Repeatedly. As one failed attempt just made him want to do another.

 

And another.

 

And still another.

 

While I continually refused to let him.

 

It got to a point that I didn’t want him to even kiss me anymore, because it will only give him an opportunity to try to attempt to put his hand inside my shirt again. But I never got mad at him, just kept stopping him whenever he tried to cop a feel. When we left the moviehouse, it was as if nothing out of the ordinary happened and we did not even discuss the incident except for his passing comment that he was sleepy and that next time, we should sleep together in a place somewhere in Sta. Mesa. I mumbled yes, not really thinking much about it, assuming that sleeping together meant relaxing and simply talking with each other while resting our weary backs in a bed until we actually literally fall asleep, and I was completely unaware then that Sta. Mesa was filled with a lot of cheap motels that offered plenty of short-time bargains.

 

As I went through my vacation, I pondered how I was going to approach my situation with Rain. I was curious, yes, but I wasn’t ready for all that touching the breasts kind of thing. He was just going too fast for me, who hasn’t had much experience in this field. I was hoping we wouldn’t get to the touching of erogenous zones until after two to three months of us dating but clearly, this wasn’t going to be the case with Rain. Plus, I didn’t really love him enough for me to actually want to do these things with him. I needed a certain level of comfort to be able to even consider doing these things with a guy and I certainly wasn’t feeling it with him. Until finally, I realized that the best way for me to get out of this situation was to break up with him.

 

When I got back to the big city, I started being cold and I refused to take his calls. When he finally cornered me at home one Sunday evening, I didn’t even want to prolong the agony with useless chit-chat.

 

“Hey, I’ve been calling you up again and again. Why didn’t you return my calls?”

 

“I’ve been busy, Rain.”

 

“So, how have you been? I missed you, you know. Are we still on for mass tonight?”

 

“Listen, Rain, we need to break up.”

 

“What?”

 

“I’ve realized that I never really loved you in the first place.”

 

I think his jaw must have done some major dropping. His eyes looked slightly red.
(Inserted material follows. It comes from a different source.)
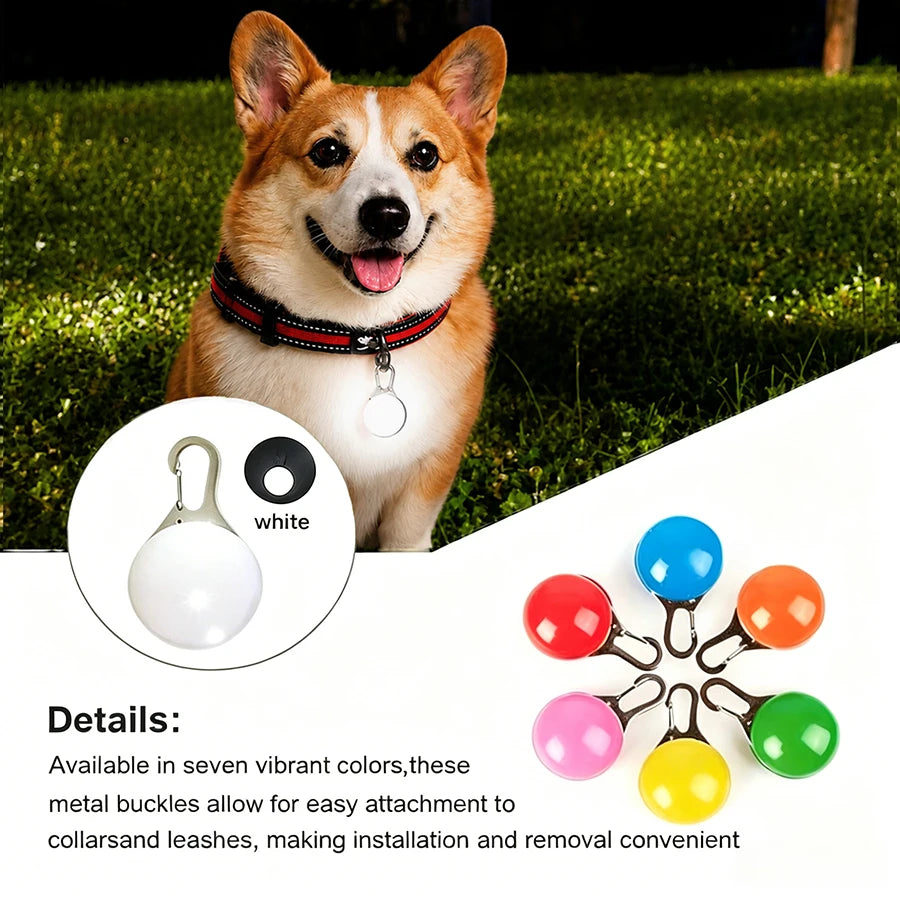 Rechargeable USB LED Dog Collar Pendant Pet Luminous Flash Light for Puppy Leash Accessory Decoration Dog Necklace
I don’t know if it was from holding back tears or from smoking pot (my cousins suspected that he probably smoked pot considering that his eyes looked partially shot most of the time and he lived in the next street from ours, where a lot of drug addicts apparently took residence).

 

He finally stood up from his seat. “So this is it then?”

 

“Yes.”

 

I really didn’t know of any comforting words to say to him. Plus I didn’t want to. I just wanted to get out of the relationship and get a clean break from him. The truth is, that was one of the most difficult things I had to do – to be heartless and a complete bitch to a guy who thought I was inlove with him. I’ve always been a nice girl, peace-loving, non-confrontational. Much as I might have toyed with Rain’s feelings a bit, making him think that I was inlove with him this whole time, I could have been nicer to him during the break-up. But I didn’t want him to get the wrong idea that there could still be any chance if he actually begged me. I seriously just wanted him to get out of my life so I can finally move on.

 

“Okay, goodbye then.”

 

“Goodbye.”

 

I called for him as he was about to walk out of the door. “Rain, I’m really sorry.”

 

He shrugged. “If that’s what you want, I respect that.”

 

I could only heave a huge sigh of relief as I watched the distance between us grow bigger and bigger.

 

Until I couldn’t see him anymore at all.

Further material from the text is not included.